Looking back over the 34 months Theresa May spent as Britain’s Prime Minister, it’s hard to pick a low point.
Was it the Conservative Party conference in October 2017 when she couldn’t stop coughing, a protestor hijacked her big speech and the lettering behind her peeled off the wall?
Was it the day President Donald Trump announced his arrival to the U.K. with a newspaper interview in which he poured scorn on her Brexit plan, just a few hours before they were due for a joint press conference?
Was it the time she arrived in Brussels for a high stakes meeting with German Chancellor Angela Merkel, only to momentarily find herself trapped inside her car while the world’s media looked on?
Or was it on Tuesday, when her new compromise vision for Brexit was summarily rejected by allies and opponents alike within minutes of its release? That at least appeared to be the point at which her political demise, so long forecast and rumored, was finally carved in concrete.
In truth, the nadir of May’s premiership came on the morning of June 9, 2017 when the results of the snap general election held the day before became clear. The loss of the Conservative Party’s parliamentary majority was a failure she carried special responsibility for. It was she who called an election she didn’t have to, and she who fronted her Tory party’s campaign. It was a defeat that above all sowed the seeds for her eventual downfall.
It’s tempting to think May was chosen to succeed Cameron as Prime Minister as the unity candidate — the experienced cabinet minister whose past fence-sitting on Brexit meant she could unite her divided party. But May won the contest because her rivals self-immolated in a frenzy of backstabbing and electioneering. Her victory came because she was the last person standing, not necessarily the best.
She began her premiership still attempting to straddle the divide in the Conservative Party, with so much caution that she won herself the nickname “Theresa Maybe.” But she soon sided with the hardliners agitating for a harder Brexit, egged on by the frenzied editors of Britain’s mass-market tabloids.
With the Labour Party seemingly in decline under far-left leader Jeremy Corbyn, May was persuaded by her advisors to capitalize on the moment and call an election that would not just expand the Conservative majority, but also give her government a mandate for a clean break with the E.U. The Daily Mail exhorted her in a screaming front-page headline to “CRUSH THE SABOTEURS.”
But the vote turned out to be an act of self-sabotage. The electorate defied the polls and gave Corbyn’s Labour Party more support — though not enough to form a government. Instead, a weakened Conservative Party had to partner with the socially conservative Democratic Unionist Party (DUP) of Northern Ireland to govern as a minority.

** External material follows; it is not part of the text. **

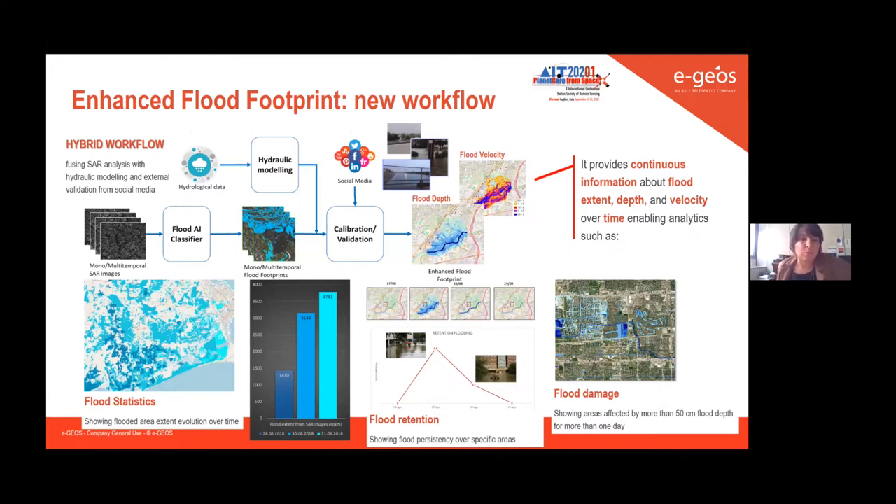First of all, we connect the early warning system with the satellite component. When there is an alert, our emergency mapping room immediately tasks SAR data to acquire the first satellite images very close to the start of the flood event. When we have confirmation that the flood is ongoing, we start preparing all the hydrological data useful for hydraulic modeling.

As negotiations with the E.U. leadership continued, it became evident that the balance of power laid with the 27 nations united against the U.K. May was forced to bend to reality, and hammer out a hard compromise that all parties could settle on. But the U.K. parliament could not agree on a majority for anything related to Brexit, least of all the status of Northern Ireland — the key sticking point in the talks.
The U.K. side said they would countenance no plan that would create a hard border between the Republic of Ireland (which will remain a member of the E.U.), and Northern Ireland (which will leave the E.U. along with the rest of the U.K.)
The solution in the Brexit plan May eventually put forward was the so-called “backstop” — a temporary solution that would keep Northern Ireland more closely aligned with the E.U. on trade rules than the rest of the U.K. This, however, was rejected outright by the DUP as a threat to the sovereignty of the union, and consequently by the hardline MPs in May’s own party. Absent a workable majority, her Brexit deal arrived without a pulse.
A more nimble and flexible politician might have reshaped a deal to win the public’s support, either by confronting realities head-on or by old-fashioned retail politics. But May’s skillset extends only to dogged persistence, and in the end even her supporters grew weary at her tireless attempts to resuscitate what amounted to the same old deal.
Now, her successor must continue the hunt for a Brexit deal that will satisfy both the 27 remaining member states of the E.U. and a majority in this parliament. It’s not clear one exists. But in calling a premature election two summers ago, May bears the blame for the fracturing of Britain’s governing chamber into a jigsaw of pieces that don’t fit. And if Britain now careens toward a no-deal exit from the E.U., she will have played her part in that too.